Reiche Ausländer sollen während der Belagerung Sarajevos auf Zivilisten geschossen haben. Ein Journalist will beweisen, dass auch Aleksandar Vučić dabei war.

Das Wichtigste in Kürze
- Die Justiz ermittelt zu «Scharfschützen-Safaris» reicher Ausländer in Sarajevo.
- Serbiens Präsident Vučić gerät wegen möglicher Beteiligung ins Visier.
- Zeugen berichten, er sei an einem Schützenposten stationiert gewesen.
Die italienische Justiz ermittelt derzeit zu sogenannten «Scharfschützen-Safaris» während der Belagerung Sarajevos in den 1990er-Jahren: Mutmassliche Wochenendtrips reicher Ausländer, bei denen sie auf Zivilisten geschossen haben sollen.
Nun gerät auch Serbiens Präsident Aleksandar Vučić ins Visier. Laut der Nachrichtenagentur Ansa hat der kroatische Journalist Domagoj Margetić in Mailand Strafanzeige gegen ihn erstattet.
Der Vorwurf: Vučić soll 1992 und 1993 an einem Militärposten gewesen sein, von dem aus ausländische Schützen auf die Stadt feuerten.
Aufnahmen sollen Serben-Präsident mit Gewehr zeigen
Margetić beruft sich auf eigene Recherchen und Aussagen des serbischen Kommandeurs Slavko Aleksić. Unter diesem soll Vučić damals als Freiwilliger gedient haben.
Auch der italienische Schriftsteller Ezio Gavazzeni liefert laut Justizangaben Beweismaterial. Er beruft sich auf Informationen eines bosnischen Ex-Geheimdienstoffiziers.
Demzufolge sollen Italiener von Mailand, Turin und Triest aus nach Sarajevo gereist sein – unterstützt von Teilen der serbischen Armee.

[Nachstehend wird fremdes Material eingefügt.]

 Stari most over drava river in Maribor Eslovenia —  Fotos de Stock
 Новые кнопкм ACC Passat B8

Sie seien per Helikopter zu Scharfschützenstellungen rund um Sarajevo gebracht worden. Darunter auch der jüdische Friedhof – laut Margetić der «exklusivste Standort».
Ein Video soll Vučić mit einem Gewehr zeigen. Seine Sprecherin dementiert: Es handle sich um ein Kamerastativ. Die Aufnahmen seien zudem unscharf.

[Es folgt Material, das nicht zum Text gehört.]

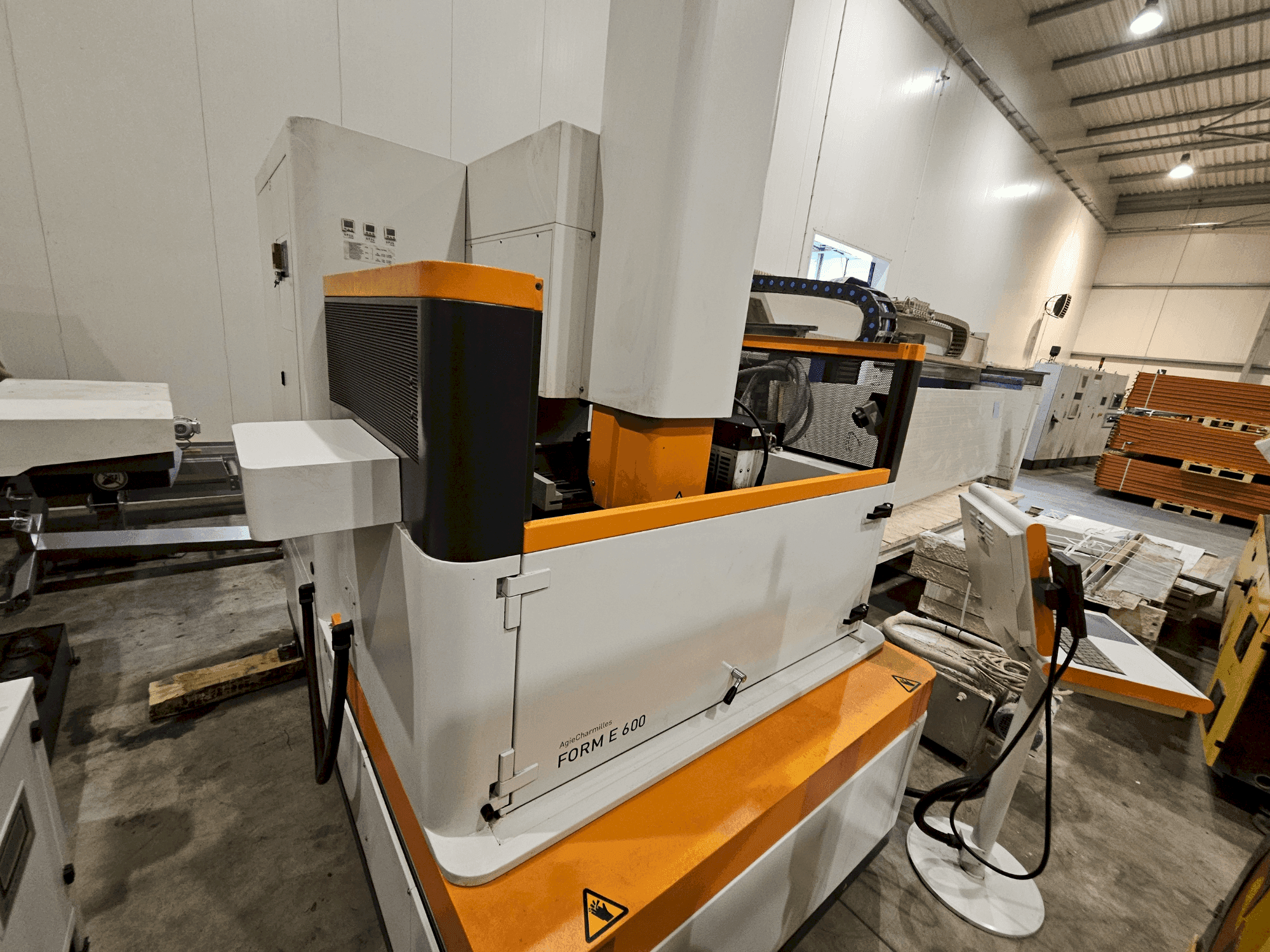 Frontansicht der AgieCharmilles Form E 600  Maschine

Auch alle weiteren Vorwürfe weist sie zurück. «Ein klassischer Fall von böswilliger Desinformation», erklärte sie. Vučić habe lediglich als Übersetzer und Journalist in Pale gearbeitet.

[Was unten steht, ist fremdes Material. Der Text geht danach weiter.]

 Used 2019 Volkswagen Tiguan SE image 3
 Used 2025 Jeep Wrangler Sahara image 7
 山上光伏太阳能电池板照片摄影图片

Ermittlungen wegen Mordvorwürfen an Zivilisten laufen
Der frühere italienische Diplomat Michael Giffoni sagte gegenüber der Zeitung «La Repubblica»: Ihm sei berichtet worden, dass «reiche Jäger und Geschäftsleute» während der Belagerung nach Sarajevo gebracht wurden.
Ein serbischer Paramilitär habe zudem ausgesagt, dass italienische und russische Schützen über Triest nach Bosnien gelangten. Dort hätten sie auf Zivilisten geschossen. Es soll also eine «Menschen-Jagd» für reiche Touristen stattgefunden haben.
Die Ermittlungen in Mailand laufen.
Die Belagerung von Sarajevo zählt zu den blutigsten Ereignissen im Bosnienkrieg. Sie dauerte von 1992 bis 1996 und forderte nach Schätzungen etwa 11'000 Todesopfer.